GPT Base, GPT-3.5 Turbo & GPT-4: What's the difference?
A breakdown of OpenAI models, including their strengths, weaknesses, and cost. We also cover lesser-known AI models like Whisper and Embeddings.
Aug 31, 2023 • 10 Minute Read
Are you confused by the differences between all of OpenAI’s models? Completely understandable! There’s a lot of them on offer, and the distinctions are murky unless you’re knee-deep in working with AI. But learning to tell them apart can save you money and help you use the right AI model for the job at hand.
In this article, we’ll break down the differences between OpenAI’s large language models, including the cost of using each one, the amount of content you can get out of it, and what they excel at.
Before we start: ChatGPT is not the same as a GPT model
A common misconception is that ChatGPT is synonymous with GPT. It’s an easy mistake to make: they share a similar name, they’re made by the same company, and they both deal with AI. The difference is ChatGPT is an application powered by GPT AI models, but is not an AI model itself.
Think of it this way: ChatGPT is the car, and the GPT model is the engine. You can take out an engine and replace it with another, more powerful one, while leaving the rest of the car intact. You can also take that engine and use it in a completely different car (E.g. API for your product).

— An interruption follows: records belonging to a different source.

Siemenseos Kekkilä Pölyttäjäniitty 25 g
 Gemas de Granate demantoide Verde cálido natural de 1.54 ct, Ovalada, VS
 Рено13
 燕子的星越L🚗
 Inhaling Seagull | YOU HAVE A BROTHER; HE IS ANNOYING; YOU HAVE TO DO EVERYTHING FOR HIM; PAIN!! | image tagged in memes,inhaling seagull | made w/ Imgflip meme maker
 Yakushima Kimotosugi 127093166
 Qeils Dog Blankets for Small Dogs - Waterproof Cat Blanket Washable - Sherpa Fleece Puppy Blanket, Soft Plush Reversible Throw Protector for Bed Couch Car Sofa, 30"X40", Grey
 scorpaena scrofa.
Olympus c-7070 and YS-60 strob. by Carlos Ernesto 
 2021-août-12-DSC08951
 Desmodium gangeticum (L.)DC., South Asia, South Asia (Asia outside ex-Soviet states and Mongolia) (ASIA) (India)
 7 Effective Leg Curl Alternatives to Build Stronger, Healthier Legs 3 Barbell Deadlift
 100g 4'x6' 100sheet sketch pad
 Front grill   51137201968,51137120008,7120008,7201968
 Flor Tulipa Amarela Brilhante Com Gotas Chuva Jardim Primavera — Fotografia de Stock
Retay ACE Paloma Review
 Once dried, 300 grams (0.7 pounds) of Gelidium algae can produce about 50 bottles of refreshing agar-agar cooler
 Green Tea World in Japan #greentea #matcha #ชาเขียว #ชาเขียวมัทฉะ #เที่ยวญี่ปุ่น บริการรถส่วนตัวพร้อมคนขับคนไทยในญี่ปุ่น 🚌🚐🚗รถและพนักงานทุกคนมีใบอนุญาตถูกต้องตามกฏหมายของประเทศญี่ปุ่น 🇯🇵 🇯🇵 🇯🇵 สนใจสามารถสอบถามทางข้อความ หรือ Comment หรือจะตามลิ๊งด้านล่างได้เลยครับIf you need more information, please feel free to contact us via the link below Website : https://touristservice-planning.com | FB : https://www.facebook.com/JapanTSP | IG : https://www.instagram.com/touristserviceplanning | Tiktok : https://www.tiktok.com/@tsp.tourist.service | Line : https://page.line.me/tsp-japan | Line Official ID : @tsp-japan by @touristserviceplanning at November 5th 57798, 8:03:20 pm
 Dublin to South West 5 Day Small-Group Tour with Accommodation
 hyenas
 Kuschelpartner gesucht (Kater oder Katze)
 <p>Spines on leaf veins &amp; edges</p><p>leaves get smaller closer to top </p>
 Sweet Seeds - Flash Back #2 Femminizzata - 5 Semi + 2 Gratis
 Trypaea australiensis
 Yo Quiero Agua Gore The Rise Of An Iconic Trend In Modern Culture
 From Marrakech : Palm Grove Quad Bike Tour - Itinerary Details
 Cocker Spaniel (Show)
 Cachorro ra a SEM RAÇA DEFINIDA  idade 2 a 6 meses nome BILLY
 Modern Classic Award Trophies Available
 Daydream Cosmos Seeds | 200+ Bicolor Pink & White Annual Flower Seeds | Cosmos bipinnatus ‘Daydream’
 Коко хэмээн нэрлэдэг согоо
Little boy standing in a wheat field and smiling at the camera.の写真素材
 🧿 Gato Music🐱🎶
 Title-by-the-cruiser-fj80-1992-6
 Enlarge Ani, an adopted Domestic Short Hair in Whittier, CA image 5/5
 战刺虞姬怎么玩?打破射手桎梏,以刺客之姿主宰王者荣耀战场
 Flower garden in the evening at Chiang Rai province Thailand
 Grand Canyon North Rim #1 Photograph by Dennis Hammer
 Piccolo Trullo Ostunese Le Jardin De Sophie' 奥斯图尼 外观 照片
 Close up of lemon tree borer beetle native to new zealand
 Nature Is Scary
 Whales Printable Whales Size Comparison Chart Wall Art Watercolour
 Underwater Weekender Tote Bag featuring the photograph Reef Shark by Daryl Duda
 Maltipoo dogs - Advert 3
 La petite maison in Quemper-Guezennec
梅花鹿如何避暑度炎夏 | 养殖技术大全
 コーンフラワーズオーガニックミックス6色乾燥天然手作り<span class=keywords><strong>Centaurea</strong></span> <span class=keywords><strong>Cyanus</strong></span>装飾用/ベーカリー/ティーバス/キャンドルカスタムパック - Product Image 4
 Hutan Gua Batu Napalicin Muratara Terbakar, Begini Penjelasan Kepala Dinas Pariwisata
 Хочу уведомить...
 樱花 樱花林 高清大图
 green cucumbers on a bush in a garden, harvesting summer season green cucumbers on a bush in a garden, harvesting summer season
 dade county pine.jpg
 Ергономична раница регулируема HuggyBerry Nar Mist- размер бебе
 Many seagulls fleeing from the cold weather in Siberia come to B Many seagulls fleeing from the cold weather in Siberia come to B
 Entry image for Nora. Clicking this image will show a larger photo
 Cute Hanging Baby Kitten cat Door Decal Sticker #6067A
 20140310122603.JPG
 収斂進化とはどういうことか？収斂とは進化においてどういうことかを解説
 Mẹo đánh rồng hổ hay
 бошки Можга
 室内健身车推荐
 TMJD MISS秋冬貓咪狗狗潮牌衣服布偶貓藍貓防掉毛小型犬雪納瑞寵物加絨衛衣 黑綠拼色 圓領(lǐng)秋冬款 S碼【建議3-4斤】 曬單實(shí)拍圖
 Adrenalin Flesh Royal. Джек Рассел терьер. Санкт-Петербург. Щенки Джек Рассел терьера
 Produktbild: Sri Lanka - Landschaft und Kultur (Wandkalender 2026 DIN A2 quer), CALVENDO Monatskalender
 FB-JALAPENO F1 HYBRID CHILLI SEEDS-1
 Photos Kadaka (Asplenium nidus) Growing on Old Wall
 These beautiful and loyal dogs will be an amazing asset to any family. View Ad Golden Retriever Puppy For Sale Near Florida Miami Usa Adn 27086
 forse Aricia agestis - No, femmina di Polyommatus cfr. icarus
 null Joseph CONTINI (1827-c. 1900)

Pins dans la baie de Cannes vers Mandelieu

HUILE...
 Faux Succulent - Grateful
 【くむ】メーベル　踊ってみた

And now that’s out of the way, let’s get into the differences between the models!
An overview of OpenAI’s GPT models
All of these models understand and generate code and text, but the accuracy, speed, and cost at which they do it are different.
GPT-4 | The most capable GPT model series to date. Able to do complex tasks, but slower at giving answers. Currently used by ChatGPT Plus. |
GPT-3.5 | Faster than GPT-4 and more flexible than GPT Base. The “good enough” model series for most tasks, whether chat or general. |
GPT-3.5 Turbo | The best model in the GPT-3.5 series. Currently used by the free version of ChatGPT. Cost effective and flexible. |
GPT Base | Not trained with instruction following. Best used when fine tuned for specific tasks, otherwise use GPT-3.5 or GPT-4. Used for legacy cases as a replacement for the original GPT-3. |
GPT-3 | The predecessor to GPT-3.5, currently depreciated. |
GPT-4
This is currently the most advanced GPT model series OpenAI has on offer (and that’s why it’s currently powering their paid product, ChatGPT Plus). It can handle significantly more tokens than GPT-3.5, which means it’s able to solve more difficult problems with greater accuracy.
GPT-4 can analyze and comment on images and graphics, unlike GPT-3.5 which can only analyze text. Also, you can get it to specify its tone of voice and task (E.g. “Always speak like Yoda”). One example of this is ChatGPT Plus’s Custom Instructions feature, but there are other applications in terms of controlling your output, particularly for chatbot applications.
That said, GPT-4 does have some downsides. Because it’s the latest model, it’s more costly than GPT-3.5. Also, as a result of being more powerful, it’s also slower in giving responses. GPT-4 is best when you’re more concerned with accuracy than speed.
Model | Input | Output | Max tokens | Training data |
gpt-4 | $0.03 / 1K tokens | $0.06 / 1K tokens | 8,192 tokens | Up to Sep 2021 |
gpt-4-32k | $0.06 / 1K tokens | $0.12 / 1K tokens | 32,768 tokens | Up to Sep 2021 |
To learn more about GPT-4, read our article: “GPT-4: All about the latest update, and how it changes ChatGPT.”
GPT-3.5 and GPT-3.5 Turbo
GPT-3.5 models understand and generate natural language or code. If you’ve ever used the free version of ChatGPT, it is currently powered by one of these models. It’s both good at completing both general tasks and chat-specific ones, and is considered the “good enough” model for most needs.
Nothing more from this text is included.